In relation to shared understanding of IP service provision in CP and so the NPT construct ‘coherence’ (Fig. 1), respondents indicated high levels of familiarity with the PFP service. The clear policy for and structure of contracted CP pharmacist prescribing services in Scotland may be facilitating this [29]. Makowsky and colleagues have highlighted this ‘innovation system fit’ facet as a significant factor in pharmacists adopting prescribing practices [23]. This work did not focus on service users’ understanding of community pharmacist prescribing services but it has been shown there is a need to raise service users’ awareness of such services [36].

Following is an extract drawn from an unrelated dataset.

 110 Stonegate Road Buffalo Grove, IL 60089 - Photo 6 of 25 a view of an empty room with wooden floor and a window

Regarding the ‘cognitive participation’ construct (Fig. 1), the majority of respondents had been qualified for IP for less than 5 years. Faruquee and Guirguis concluded in their scoping review that increased risk and liability are demotivators for taking on a prescribing role and so activity is often higher in those with more experience and advanced qualifications [16]. The relatively recently-qualified participants in this study expressed willingness to engage with IP in the context of PFP, and these participants’ self-reported levels of prescribing shows that a possible lack of experience and advanced qualifications does not seem to have negative influence on IP integration.

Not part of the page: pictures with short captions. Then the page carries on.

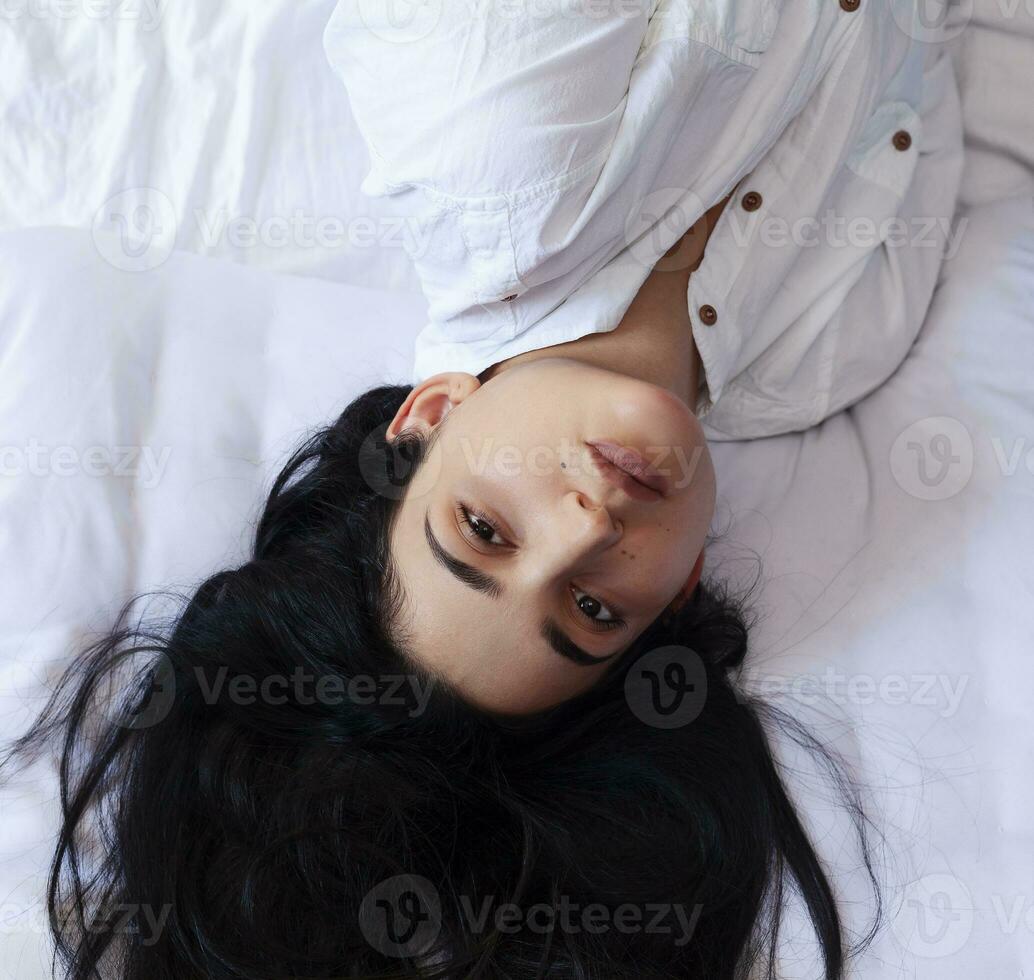 Beautiful woman lying in bed. Pretty woman with long brunette hairs lying in bed.High-angle view of a young happy girl dressed in a white shirt lies on a bed at home photo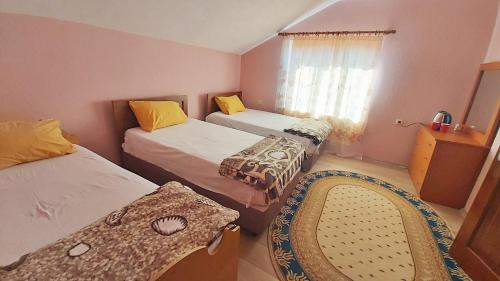 1 dormitorio con 2 camas, ventana y silla en Guest House Pogradeci en Pogradec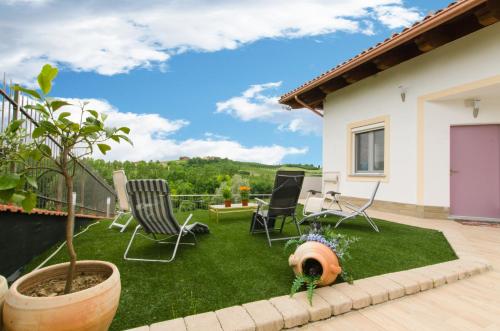 Κήπος έξω από το Wellness Suite Na' Canuna'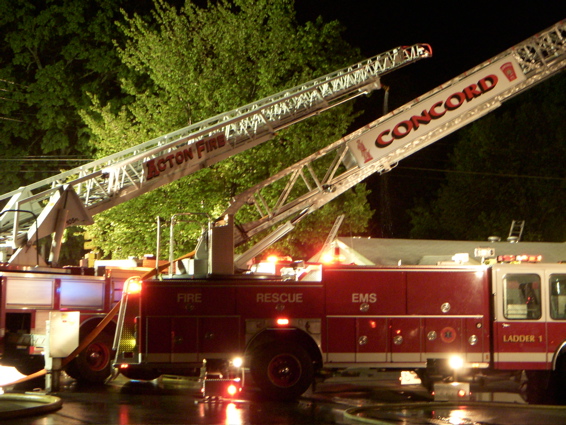 http://www.garrettharding.com/photos/Nikon Results May 2007/5 West Concord Fire - Close Up Ladder Trucks small.jpg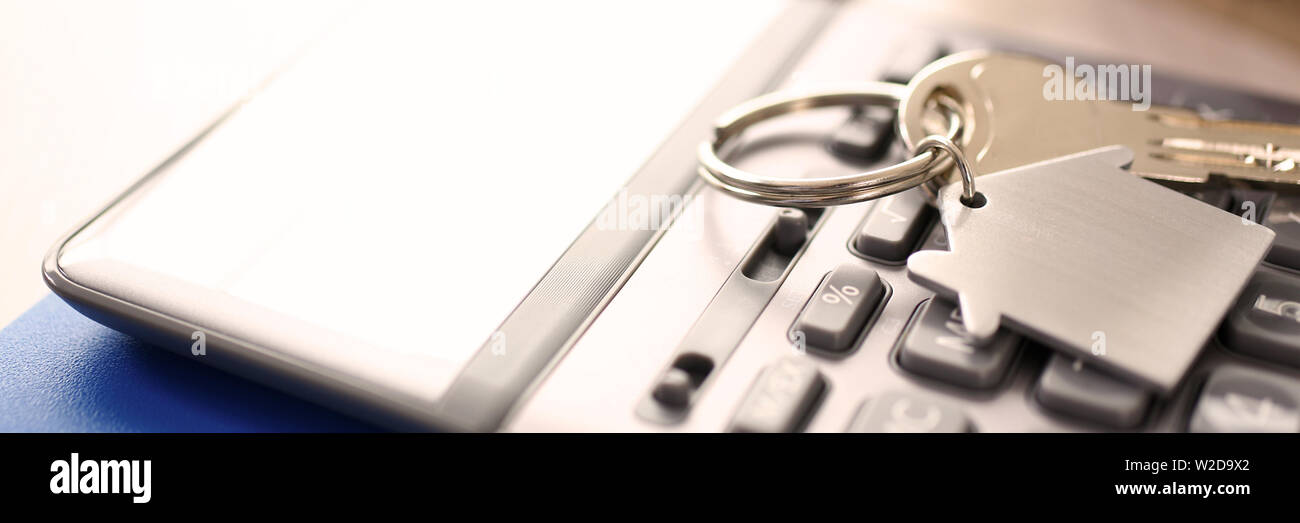 Calculator on Notepad, Key with Trinkel Desktop Stock Photo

Of relevance to the ‘collective action’ construct (Fig. 1) and specifically ‘organizing structures’, Edward and colleagues have synthesised the literature on barriers and facilitators to implementation of NMP in primary care in the UK [22] and identified the importance of organisational support for early adopters of prescribing practice. The findings from our work indicate potential organisational support barriers including a need for further consideration of: managerial/leadership support, challenges around interprofessional working, and communication including the availability and use of information communication technology (ICT) systems. The need for improvement in ICT in this context has recently been highlighted by others [37] along with the need for ICT evaluation frameworks [38]. ICT is also central to the ‘reflexive monitoring’ construct to allow the collation and analysis of prescribing data for audit and feedback purposes and so quality improvement of patient services.

The greater diversity of responses within the ‘group processes and norms’ aspect of ‘collective action’ (Fig. 1) indicates that there is a need for even greater clarity of team members roles, consideration of availability of training and funding for more staff resource and processes for working and communicating within teams. The influence of such factors on implementation of pharmacist prescribing has been shown by others in the primary care context [18, 21, 39].

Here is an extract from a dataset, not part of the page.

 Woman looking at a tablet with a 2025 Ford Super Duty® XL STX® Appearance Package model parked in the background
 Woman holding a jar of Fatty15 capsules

This work was UK focused where there is a coherent NMP legislative and regulatory frameworks across the devolved nations, but implementation of IP is progressing at different rates and in different ways [29, 40]. This situation is reflected in the implementation of the models of IP for pharmacists in other countries including USA, Canada and New Zealand as outlined above [12, 13, 15]. Despite this, in an umbrella review [9] and other work [41, 42] have highlighted commonality internationally with respect to models and definitions, legal frameworks, outcomes and benefits, stakeholder satisfaction and barriers and facilitators to implementation. It is likely, therefore, that the results of this work will be applicable internationally.

Further work

Further research could focus on defining the concepts and contexts relating to operationalisation of PFP and particularly the ‘collective action’ facets of the NPT. This in turn would help to ensure standardisation in relation to further evaluative studies on integration issues. Specific interventions could then be developed with cognisance of the Medical Research Council guidance on developing and evaluating complex interventions [43].

Conclusion

This theory-based work offers a robust and unique perspective on IP integration within CP. The generally positive findings highlight challenges within the ‘collective action’ construct and a need to focus on training, staff resource, working relationships, communication and management. Despite the focus of this work it is likely that these factors are applicable to other jurisdictions and contexts.